Starting at the line that contains "Holley EFI Smart" and stopping at the line that contains "[RED34] Stick Tape - Red", restate each line of the records below exactly. Omit the pictures.

**DATA**.
----------

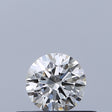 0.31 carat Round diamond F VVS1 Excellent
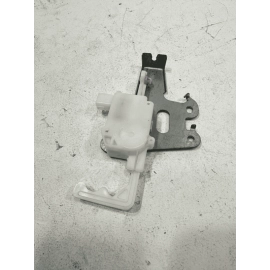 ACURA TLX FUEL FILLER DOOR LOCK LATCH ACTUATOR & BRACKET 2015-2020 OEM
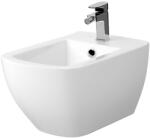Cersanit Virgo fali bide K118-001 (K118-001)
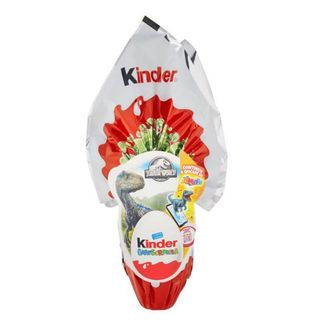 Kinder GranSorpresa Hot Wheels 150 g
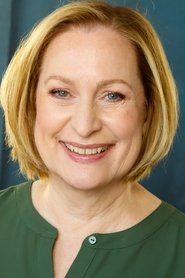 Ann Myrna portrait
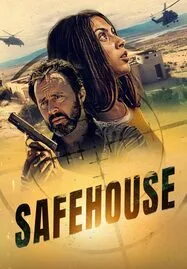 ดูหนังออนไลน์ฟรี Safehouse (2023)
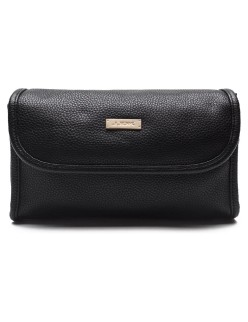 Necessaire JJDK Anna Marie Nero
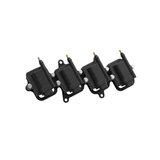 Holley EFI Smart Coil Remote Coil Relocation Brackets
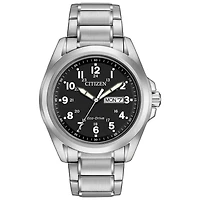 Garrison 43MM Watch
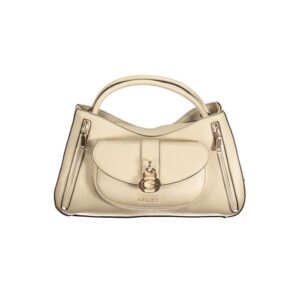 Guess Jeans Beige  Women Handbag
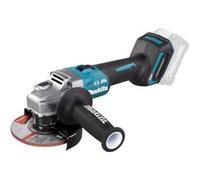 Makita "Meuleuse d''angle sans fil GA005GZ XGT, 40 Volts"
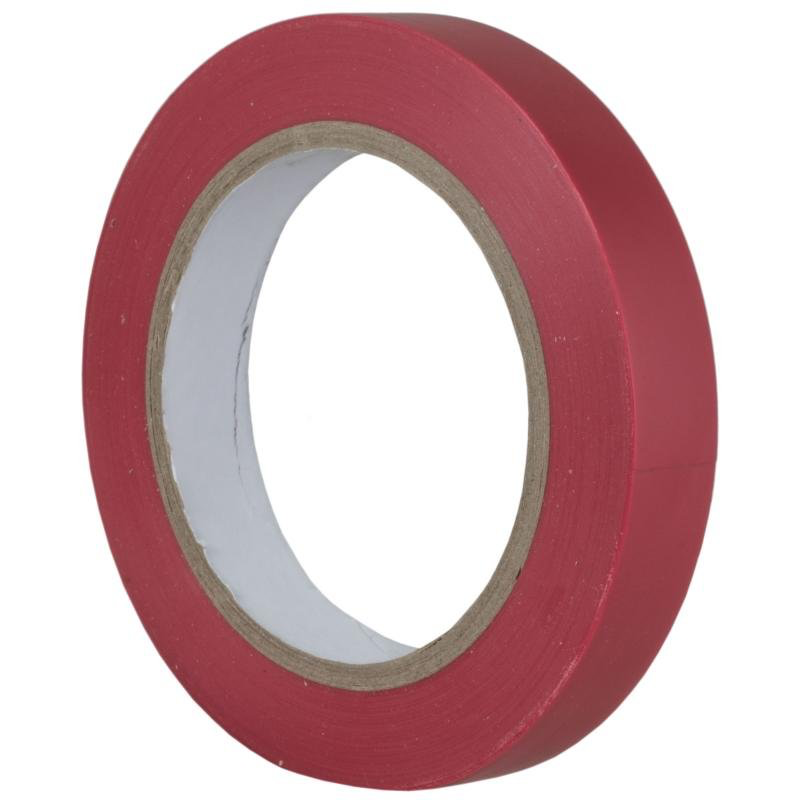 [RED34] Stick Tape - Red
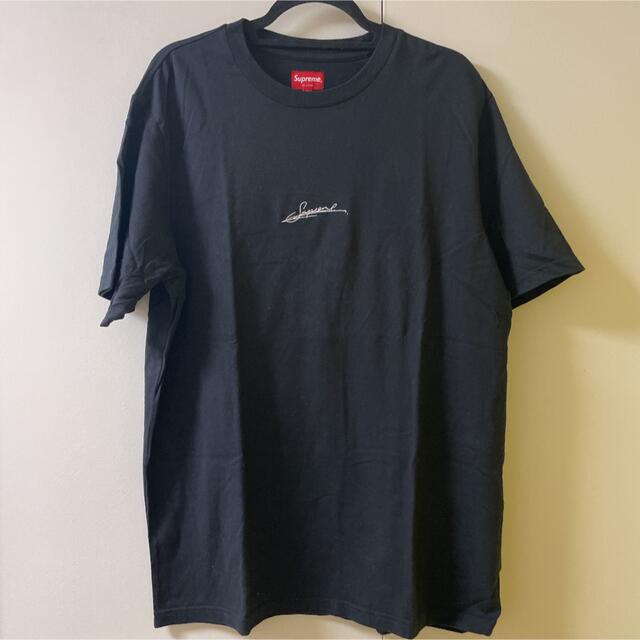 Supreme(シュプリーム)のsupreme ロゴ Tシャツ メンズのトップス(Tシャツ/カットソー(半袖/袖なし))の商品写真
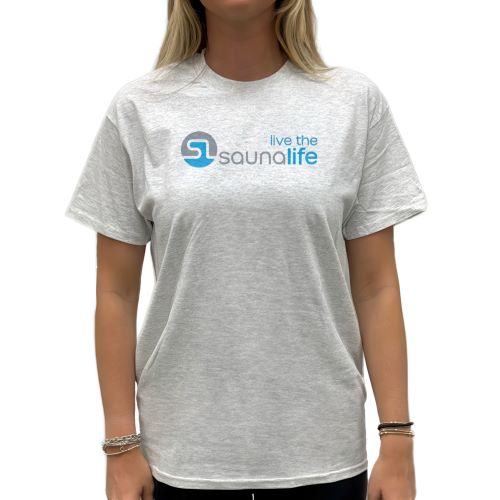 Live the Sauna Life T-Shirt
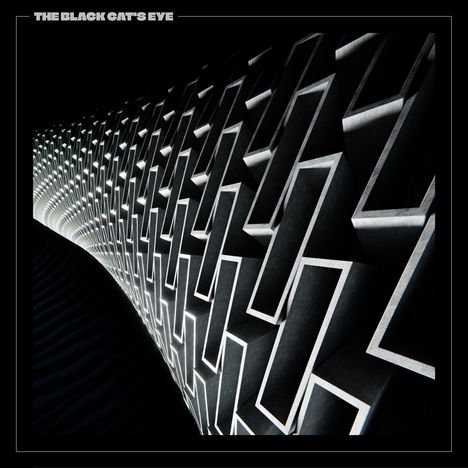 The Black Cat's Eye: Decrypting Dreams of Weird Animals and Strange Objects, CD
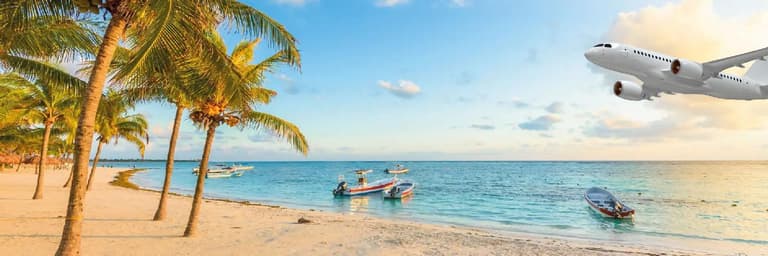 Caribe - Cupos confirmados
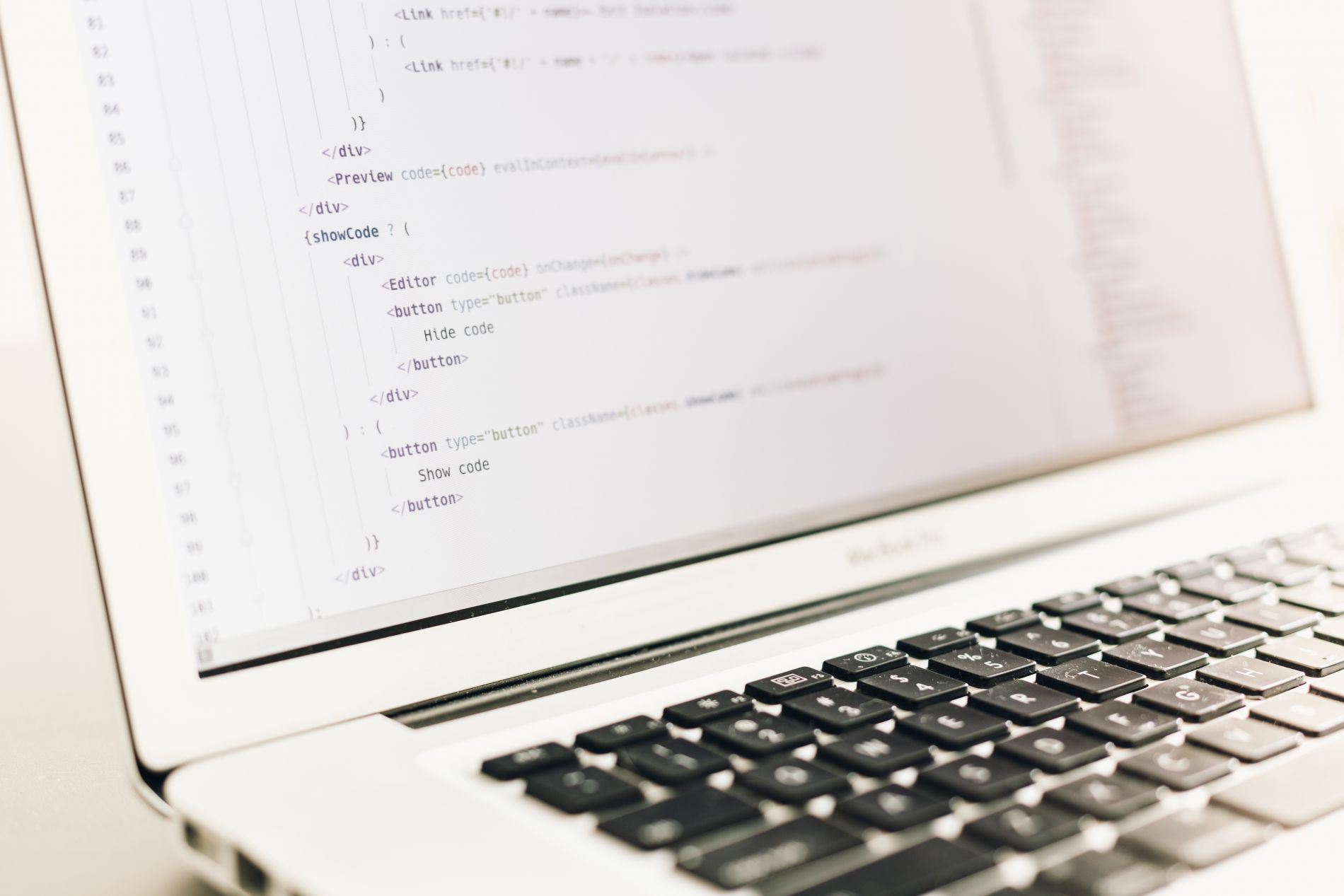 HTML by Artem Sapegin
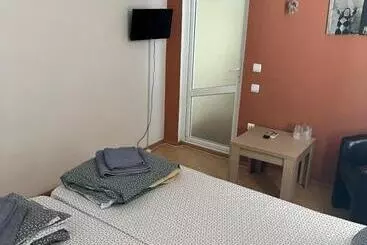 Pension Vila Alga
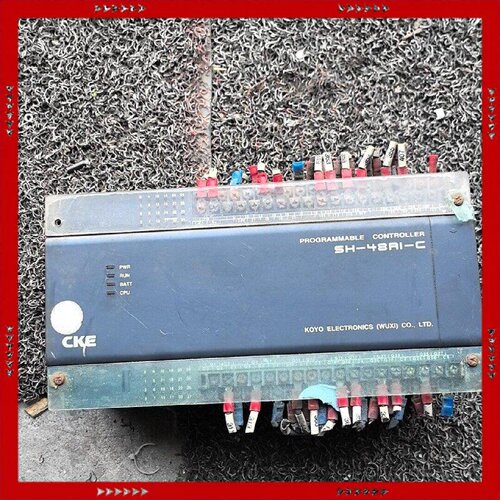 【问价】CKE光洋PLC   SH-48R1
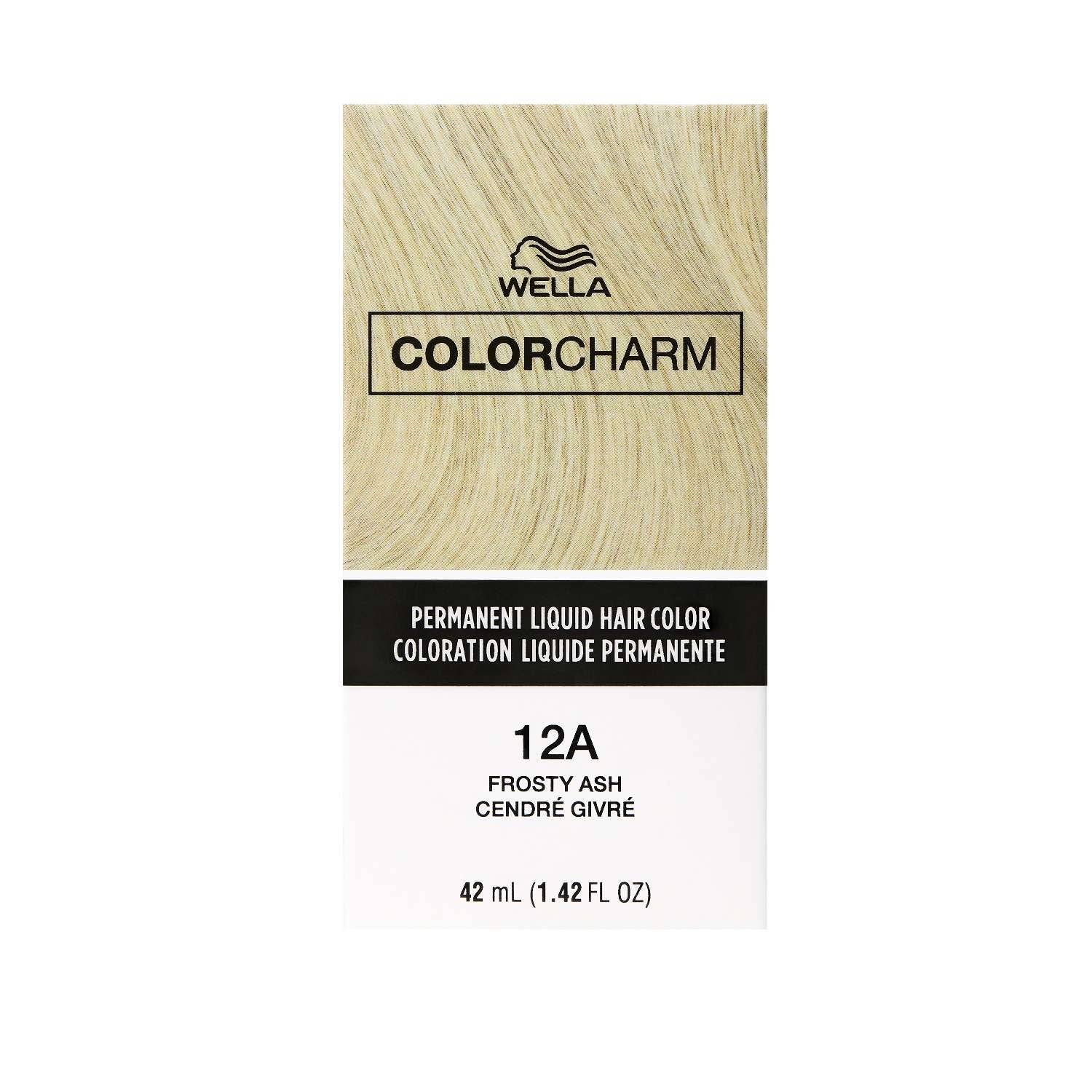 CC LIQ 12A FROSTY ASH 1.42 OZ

----------

**PROBLEM SOLUTION**.
 Holley EFI Smart Coil Remote Coil Relocation Brackets
 Garrison 43MM Watch
 Guess Jeans Beige  Women Handbag
 Makita "Meuleuse d''angle sans fil GA005GZ XGT, 40 Volts"
 [RED34] Stick Tape - Red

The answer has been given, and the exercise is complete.